> At a Glance
> – Nicolás Maduro appears Monday in New York on U.S. cocaine-importation charges
> – His lawyers will claim sovereign immunity; State Department already labels him a fugitive worth $50 million
> – 1989 Barr memo green-lit forcible overseas abductions, setting precedent for Saturday’s capture
> – Why it matters: The case tests how far U.S. courts will let the executive branch go when it refuses to recognize a foreign leader
Nicolás Maduro’s first court date in Manhattan comes exactly 36 years after U.S. troops snatched Panama’s Manuel Noriega, and prosecutors plan to use the same playbook: deny immunity, proceed to trial, and cite a Justice Department opinion that sanctions forcible abductions abroad.

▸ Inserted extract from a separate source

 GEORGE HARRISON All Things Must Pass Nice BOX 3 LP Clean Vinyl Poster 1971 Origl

Immunity Fight Mirrors Noriega Case
Maduro’s defense team will argue he remains Venezuela’s head of state and therefore immune. Several administrations have already rejected that status.
Dick Gregorie, the retired prosecutor who indicted Noriega, said:
> “There’s no claim to sovereign immunity if we don’t recognize him as head of state … Several U.S. administrations, both Republican and Democrat, have called his election fraudulent.”

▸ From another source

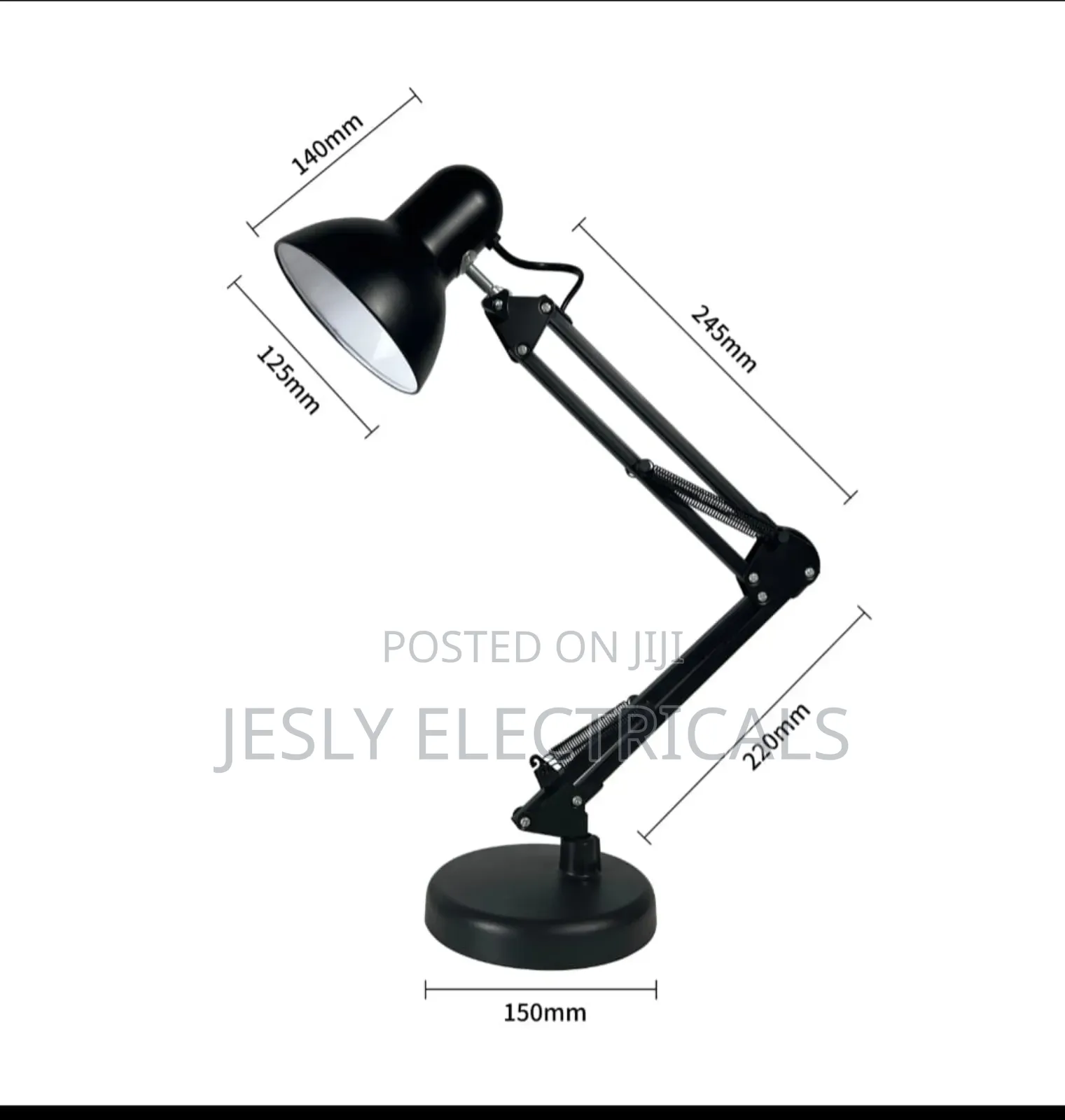 Adjustable Desk Lamp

The Supreme Court has repeatedly upheld jurisdiction over defendants brought to the U.S. by irregular means, and the Barr opinion-written months before the 1989 Panama invasion-concluded the U.N. Charter does not bar such operations.

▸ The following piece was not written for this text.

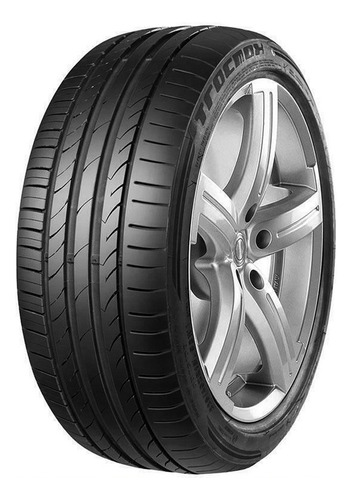 4 Neumáticos Aro 19 Tracmax Medida 255/45r19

Legal Hurdles Beyond Recognition
David Oscar Markus, a Miami defense lawyer, noted:
> “Before you ever get to guilt or innocence, there are serious questions about whether a U.S. court can proceed at all.”
Key differences from Noriega:
- Noriega never held the title of president
- Maduro claims three electoral mandates, though the 2024 vote is widely disputed
- Governments including China, Russia, and Egypt still recognize him
Despite those points, courts traditionally defer to the State Department, which has offered the $50 million reward and lists Maduro as a fugitive.
Money Troubles for Defense
Years of Treasury sanctions complicate hiring counsel:
- It is illegal for any U.S. person to accept payment from Maduro or his wife, Cilia Flores, without a special license
- Venezuela’s vice-president, Delcy Rodríguez, now running Caracas, faces the same restriction
Indictment Scope
Saturday’s unsealed indictment accuses Maduro and five co-defendants-including Flores and their lawmaker son-of:
- Providing law-enforcement cover for thousands of tons of cocaine
- Supplying logistical support to major traffickers
- Partnering with narco-terrorists to ship drugs into the United States
University of Chicago professor Curtis Bradley expects prosecutors to argue:
> “Running a big narco-trafficking operation … should not count as an official act.”
Policy Backdrop
- First Trump administration closed the U.S. Embassy in Caracas and recognized opposition leader Juan Guaidó in 2019
- Biden administration largely retained that stance while engaging Maduro on election talks
- Barr, who oversaw Maduro’s indictment as attorney general, defended the operation on Fox News Sunday:

> “Going after them and dismantling them inherently involves regime change … It’s to clean that place out of this criminal organization.”
Key Takeaways
- U.S. courts are expected to reject immunity because the State Department does not recognize Maduro
- Barr’s 1989 memo and Supreme Court precedent allow prosecution after forcible abduction
- Sanctions make it hard for Maduro to fund a defense team
- Trial will test limits of executive power in foreign policy and criminal law
The stage is set for a courtroom clash that could extend well beyond the initial hearing and shape future U.S. operations against sitting leaders it deems illegitimate.